Improvement to the parks, which began last year, will continue in 2021, but he also has sights on two other projects that will give a fresh look to the city.
Work will move forward on the cooperative endeavor between the city and the Atchafalaya Board for work on a walking/biking trail on the levee-top along the Mississippi River.
Phase 1 and 2 of the project, set to go up for bids this year, include the trailhead adjacent to the Plaquemine Lock Historic Site, with ramps and handrails from the parking lot of the Lock site to the top of the levee, a stamped concrete trail at the trailhead, and the extension of an asphalt trail to the North Plaquemine Park. The recreational trail will be 10 feet wide and will include benches and trash cans. Phases 3 and 4, which will go up for bids this year.

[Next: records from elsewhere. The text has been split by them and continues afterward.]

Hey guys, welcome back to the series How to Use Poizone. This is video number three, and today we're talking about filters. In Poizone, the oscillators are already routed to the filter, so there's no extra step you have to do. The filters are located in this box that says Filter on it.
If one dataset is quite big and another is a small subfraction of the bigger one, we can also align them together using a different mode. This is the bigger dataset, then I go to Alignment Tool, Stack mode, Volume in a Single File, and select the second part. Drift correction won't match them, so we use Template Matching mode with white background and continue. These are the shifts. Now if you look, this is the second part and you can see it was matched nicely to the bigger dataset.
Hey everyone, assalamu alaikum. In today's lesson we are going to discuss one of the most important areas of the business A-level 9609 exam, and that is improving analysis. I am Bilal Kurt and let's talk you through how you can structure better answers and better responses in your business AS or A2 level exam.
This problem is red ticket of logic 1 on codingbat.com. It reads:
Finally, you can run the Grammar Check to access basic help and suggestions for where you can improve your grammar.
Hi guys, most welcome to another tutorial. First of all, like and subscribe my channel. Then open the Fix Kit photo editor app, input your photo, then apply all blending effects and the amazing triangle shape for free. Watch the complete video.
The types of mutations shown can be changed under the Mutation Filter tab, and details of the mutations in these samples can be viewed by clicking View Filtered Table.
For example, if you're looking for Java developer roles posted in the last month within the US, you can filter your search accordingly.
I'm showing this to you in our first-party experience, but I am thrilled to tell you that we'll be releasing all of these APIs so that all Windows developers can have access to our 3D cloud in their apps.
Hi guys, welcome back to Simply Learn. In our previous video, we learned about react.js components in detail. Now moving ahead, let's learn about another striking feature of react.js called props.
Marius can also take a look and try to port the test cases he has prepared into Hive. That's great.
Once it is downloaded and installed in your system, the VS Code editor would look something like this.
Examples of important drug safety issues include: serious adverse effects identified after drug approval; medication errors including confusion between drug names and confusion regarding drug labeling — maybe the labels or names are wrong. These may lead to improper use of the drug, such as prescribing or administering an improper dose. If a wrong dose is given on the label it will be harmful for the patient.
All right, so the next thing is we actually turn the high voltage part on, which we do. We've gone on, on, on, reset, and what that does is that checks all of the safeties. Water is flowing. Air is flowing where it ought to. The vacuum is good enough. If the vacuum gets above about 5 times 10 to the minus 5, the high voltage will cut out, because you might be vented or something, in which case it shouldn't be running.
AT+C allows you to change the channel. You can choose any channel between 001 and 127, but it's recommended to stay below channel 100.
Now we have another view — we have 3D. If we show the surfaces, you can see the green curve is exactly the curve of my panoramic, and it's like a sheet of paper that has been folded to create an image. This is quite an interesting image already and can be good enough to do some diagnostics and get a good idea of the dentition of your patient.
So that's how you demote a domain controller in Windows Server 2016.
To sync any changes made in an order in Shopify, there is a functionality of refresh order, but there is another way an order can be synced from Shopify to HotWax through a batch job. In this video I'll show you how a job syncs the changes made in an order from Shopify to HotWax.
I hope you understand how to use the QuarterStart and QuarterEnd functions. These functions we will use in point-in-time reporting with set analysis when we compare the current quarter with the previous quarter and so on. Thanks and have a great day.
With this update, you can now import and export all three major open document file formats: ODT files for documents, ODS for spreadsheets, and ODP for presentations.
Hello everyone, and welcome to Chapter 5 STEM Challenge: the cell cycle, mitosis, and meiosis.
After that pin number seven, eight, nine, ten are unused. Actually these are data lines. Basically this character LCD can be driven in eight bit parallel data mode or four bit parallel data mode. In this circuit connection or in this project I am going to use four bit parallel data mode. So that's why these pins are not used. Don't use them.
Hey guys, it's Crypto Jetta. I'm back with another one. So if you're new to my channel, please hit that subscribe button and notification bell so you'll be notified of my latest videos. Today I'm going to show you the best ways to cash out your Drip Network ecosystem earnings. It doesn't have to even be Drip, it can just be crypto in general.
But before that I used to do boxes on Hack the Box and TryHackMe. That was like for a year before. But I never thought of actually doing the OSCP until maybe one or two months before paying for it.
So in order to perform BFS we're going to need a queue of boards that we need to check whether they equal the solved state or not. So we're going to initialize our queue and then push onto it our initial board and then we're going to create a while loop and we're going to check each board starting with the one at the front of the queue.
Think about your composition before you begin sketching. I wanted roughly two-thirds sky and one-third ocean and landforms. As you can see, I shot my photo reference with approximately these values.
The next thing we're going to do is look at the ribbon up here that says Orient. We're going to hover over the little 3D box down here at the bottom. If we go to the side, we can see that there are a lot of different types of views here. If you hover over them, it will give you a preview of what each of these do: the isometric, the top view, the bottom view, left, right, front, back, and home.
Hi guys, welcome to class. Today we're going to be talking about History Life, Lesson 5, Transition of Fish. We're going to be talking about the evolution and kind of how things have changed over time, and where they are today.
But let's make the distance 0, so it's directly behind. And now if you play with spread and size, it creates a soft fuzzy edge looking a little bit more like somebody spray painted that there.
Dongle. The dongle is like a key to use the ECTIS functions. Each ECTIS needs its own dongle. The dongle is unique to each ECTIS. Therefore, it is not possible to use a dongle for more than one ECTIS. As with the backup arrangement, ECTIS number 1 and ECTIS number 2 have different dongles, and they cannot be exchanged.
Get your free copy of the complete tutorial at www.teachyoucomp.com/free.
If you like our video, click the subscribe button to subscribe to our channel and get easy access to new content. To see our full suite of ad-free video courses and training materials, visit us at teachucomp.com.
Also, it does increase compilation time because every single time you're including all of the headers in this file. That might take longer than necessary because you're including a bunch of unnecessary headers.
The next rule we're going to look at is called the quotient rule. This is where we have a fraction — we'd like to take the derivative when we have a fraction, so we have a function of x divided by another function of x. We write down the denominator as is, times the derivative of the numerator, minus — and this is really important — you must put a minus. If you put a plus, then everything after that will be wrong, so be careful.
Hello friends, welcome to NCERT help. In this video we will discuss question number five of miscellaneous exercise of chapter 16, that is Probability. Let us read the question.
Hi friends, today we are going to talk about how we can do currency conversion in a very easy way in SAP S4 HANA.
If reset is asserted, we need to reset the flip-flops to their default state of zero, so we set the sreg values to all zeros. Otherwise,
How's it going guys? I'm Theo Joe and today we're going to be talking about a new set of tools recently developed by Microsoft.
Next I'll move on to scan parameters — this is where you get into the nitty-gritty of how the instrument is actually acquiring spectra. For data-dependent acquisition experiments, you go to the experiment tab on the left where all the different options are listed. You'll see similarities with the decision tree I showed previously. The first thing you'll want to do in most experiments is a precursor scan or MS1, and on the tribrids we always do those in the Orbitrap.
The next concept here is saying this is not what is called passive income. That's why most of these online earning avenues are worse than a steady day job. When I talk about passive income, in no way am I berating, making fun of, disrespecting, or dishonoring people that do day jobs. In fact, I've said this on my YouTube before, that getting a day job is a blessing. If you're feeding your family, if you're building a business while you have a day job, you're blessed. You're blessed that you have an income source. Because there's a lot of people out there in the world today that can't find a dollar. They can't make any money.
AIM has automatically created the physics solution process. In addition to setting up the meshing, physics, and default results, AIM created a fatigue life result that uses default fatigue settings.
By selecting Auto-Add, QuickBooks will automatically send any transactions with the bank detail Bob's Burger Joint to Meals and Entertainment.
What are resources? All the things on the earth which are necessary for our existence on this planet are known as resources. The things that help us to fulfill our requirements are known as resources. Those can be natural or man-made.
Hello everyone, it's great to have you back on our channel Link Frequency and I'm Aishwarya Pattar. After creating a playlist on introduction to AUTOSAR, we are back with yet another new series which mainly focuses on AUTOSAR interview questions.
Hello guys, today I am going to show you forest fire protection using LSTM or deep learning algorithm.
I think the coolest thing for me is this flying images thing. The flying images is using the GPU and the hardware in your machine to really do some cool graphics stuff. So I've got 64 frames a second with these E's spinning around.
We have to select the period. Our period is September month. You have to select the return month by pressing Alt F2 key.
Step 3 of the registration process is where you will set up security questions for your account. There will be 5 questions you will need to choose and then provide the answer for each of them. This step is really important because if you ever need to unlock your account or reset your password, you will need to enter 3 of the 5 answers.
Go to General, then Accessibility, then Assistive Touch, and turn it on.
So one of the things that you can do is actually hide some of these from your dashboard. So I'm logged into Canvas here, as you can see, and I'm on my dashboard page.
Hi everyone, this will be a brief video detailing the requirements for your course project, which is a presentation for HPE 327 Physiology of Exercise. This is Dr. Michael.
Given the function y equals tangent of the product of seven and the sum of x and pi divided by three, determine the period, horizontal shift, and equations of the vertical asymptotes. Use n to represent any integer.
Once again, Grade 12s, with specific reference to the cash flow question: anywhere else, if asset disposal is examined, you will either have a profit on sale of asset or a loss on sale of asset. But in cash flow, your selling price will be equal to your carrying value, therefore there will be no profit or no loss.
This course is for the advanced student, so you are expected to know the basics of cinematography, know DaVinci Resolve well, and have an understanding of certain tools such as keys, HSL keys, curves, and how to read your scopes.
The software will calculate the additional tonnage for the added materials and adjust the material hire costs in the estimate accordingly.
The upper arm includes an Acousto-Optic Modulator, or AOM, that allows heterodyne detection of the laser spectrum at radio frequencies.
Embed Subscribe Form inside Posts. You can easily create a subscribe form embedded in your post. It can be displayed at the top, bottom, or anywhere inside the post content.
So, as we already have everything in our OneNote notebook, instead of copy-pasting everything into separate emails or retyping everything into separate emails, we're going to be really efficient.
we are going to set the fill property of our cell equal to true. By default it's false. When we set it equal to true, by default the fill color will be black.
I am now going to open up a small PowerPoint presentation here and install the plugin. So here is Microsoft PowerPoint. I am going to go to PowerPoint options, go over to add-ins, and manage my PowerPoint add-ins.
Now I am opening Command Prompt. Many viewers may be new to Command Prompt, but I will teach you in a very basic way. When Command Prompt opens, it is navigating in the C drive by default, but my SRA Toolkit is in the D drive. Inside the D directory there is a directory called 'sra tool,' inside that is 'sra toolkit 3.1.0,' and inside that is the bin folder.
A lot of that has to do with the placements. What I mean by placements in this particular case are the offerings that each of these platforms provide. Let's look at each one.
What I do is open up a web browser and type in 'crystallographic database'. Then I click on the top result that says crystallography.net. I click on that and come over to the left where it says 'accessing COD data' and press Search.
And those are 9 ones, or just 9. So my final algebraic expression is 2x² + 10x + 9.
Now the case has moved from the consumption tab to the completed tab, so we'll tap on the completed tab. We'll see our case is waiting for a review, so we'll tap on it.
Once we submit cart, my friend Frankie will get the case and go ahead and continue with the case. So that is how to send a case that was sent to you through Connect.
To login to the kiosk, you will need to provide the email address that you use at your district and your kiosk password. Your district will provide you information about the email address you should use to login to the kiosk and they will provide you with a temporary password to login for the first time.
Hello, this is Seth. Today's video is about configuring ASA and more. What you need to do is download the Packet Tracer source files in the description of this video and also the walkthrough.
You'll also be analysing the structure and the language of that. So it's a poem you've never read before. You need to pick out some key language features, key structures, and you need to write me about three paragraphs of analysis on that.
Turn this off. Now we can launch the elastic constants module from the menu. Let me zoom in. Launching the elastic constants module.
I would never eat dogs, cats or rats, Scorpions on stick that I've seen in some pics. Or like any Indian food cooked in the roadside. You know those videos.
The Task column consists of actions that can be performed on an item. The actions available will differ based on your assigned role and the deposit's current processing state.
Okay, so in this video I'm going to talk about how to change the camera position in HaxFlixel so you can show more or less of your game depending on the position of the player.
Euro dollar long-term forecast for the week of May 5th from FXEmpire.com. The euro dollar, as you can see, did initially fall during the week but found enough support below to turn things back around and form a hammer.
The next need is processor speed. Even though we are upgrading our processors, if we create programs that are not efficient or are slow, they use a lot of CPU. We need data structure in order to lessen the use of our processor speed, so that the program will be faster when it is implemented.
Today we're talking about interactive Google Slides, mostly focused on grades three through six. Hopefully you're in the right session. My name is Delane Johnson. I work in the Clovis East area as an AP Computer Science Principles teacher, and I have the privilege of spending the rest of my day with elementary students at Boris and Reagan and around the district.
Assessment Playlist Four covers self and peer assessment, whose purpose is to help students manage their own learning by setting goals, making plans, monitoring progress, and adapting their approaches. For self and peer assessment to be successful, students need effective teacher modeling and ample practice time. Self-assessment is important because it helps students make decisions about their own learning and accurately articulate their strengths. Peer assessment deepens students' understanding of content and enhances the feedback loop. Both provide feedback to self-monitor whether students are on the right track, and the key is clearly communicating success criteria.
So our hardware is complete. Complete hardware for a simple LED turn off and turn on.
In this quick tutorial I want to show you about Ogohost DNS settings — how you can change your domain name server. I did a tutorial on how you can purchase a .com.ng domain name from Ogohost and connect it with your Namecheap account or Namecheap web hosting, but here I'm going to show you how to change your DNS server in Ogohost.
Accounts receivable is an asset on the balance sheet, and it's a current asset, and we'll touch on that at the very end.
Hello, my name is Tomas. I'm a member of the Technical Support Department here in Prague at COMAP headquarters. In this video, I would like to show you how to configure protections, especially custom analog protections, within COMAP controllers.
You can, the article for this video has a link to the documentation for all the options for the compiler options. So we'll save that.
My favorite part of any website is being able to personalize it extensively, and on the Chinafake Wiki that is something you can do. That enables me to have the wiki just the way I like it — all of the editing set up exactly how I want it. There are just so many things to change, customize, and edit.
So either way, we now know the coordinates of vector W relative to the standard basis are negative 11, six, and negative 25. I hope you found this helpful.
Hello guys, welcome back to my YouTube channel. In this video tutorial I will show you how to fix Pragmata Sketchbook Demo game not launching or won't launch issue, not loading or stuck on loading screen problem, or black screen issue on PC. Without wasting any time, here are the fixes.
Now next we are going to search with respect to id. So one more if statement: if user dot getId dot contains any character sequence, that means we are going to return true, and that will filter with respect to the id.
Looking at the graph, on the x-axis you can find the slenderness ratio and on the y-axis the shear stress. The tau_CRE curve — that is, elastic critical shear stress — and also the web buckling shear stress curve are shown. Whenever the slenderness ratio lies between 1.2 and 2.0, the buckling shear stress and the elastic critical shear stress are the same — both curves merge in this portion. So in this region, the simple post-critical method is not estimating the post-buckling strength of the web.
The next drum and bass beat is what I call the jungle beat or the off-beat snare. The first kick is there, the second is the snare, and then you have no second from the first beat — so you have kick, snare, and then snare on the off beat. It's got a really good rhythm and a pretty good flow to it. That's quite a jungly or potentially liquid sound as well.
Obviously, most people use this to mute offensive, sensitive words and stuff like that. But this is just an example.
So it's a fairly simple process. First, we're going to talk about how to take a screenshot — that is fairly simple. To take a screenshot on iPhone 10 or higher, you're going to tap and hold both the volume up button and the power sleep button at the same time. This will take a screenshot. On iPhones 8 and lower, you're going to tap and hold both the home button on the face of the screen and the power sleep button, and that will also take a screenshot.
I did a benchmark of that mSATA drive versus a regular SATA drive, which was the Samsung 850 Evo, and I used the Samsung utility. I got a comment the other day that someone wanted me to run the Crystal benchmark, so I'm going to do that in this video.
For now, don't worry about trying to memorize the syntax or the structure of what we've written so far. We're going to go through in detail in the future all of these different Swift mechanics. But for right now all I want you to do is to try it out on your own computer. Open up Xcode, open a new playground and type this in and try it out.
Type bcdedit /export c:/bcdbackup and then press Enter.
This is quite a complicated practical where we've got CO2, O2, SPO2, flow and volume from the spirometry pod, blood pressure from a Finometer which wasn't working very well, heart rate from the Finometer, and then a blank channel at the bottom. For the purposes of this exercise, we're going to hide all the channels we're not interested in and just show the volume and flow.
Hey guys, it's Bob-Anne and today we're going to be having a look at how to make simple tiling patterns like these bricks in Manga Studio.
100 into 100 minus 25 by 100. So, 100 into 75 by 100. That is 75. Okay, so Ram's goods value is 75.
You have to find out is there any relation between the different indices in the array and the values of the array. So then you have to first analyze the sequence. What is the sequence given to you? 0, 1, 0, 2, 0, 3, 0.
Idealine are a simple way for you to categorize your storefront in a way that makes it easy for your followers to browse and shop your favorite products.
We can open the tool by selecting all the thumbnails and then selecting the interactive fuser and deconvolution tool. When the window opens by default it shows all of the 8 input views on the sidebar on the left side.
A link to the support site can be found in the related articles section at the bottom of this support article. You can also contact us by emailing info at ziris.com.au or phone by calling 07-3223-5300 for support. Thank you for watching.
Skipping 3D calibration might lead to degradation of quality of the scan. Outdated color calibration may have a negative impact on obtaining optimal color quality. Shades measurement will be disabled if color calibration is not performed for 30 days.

The project was initiated by Mayor Reeves shortly after he took office in 2017 but has experienced numerous delays in the review processes of the U.S. Army Corps of Engineers and other federal and state agencies to get the approvals necessary to proceed. The review by the Corps took almost one year, and the Levee Board held the City up for almost another year. In the meanwhile, the City pursued grant funding for the project, and has obtained $1.14 million in state grants for the estimated $1.8 million projected cost.
“Residents have asked for walking and biking trails, and this trail offers recreation for our families with a beautiful view,” said Mayor Reeves. “I expect it to get plenty of use, and also to be a tourist attraction for our historic downtown district.
Reeves also hopes to move forward on work to the old Kyle’s Express property on La. 1 near Main Street, adjacent to the Plaquemine Depot Market.
He negotiated the purchase of the property in 2019, and had the old Kyle's building demolished in December, with the approval of the Board of Selectmen. The preliminary plans include landscaping, parking, restrooms and an extended overhang from the Depot Market for outdoor functions, such as flea, arts and crafts or farmers markets.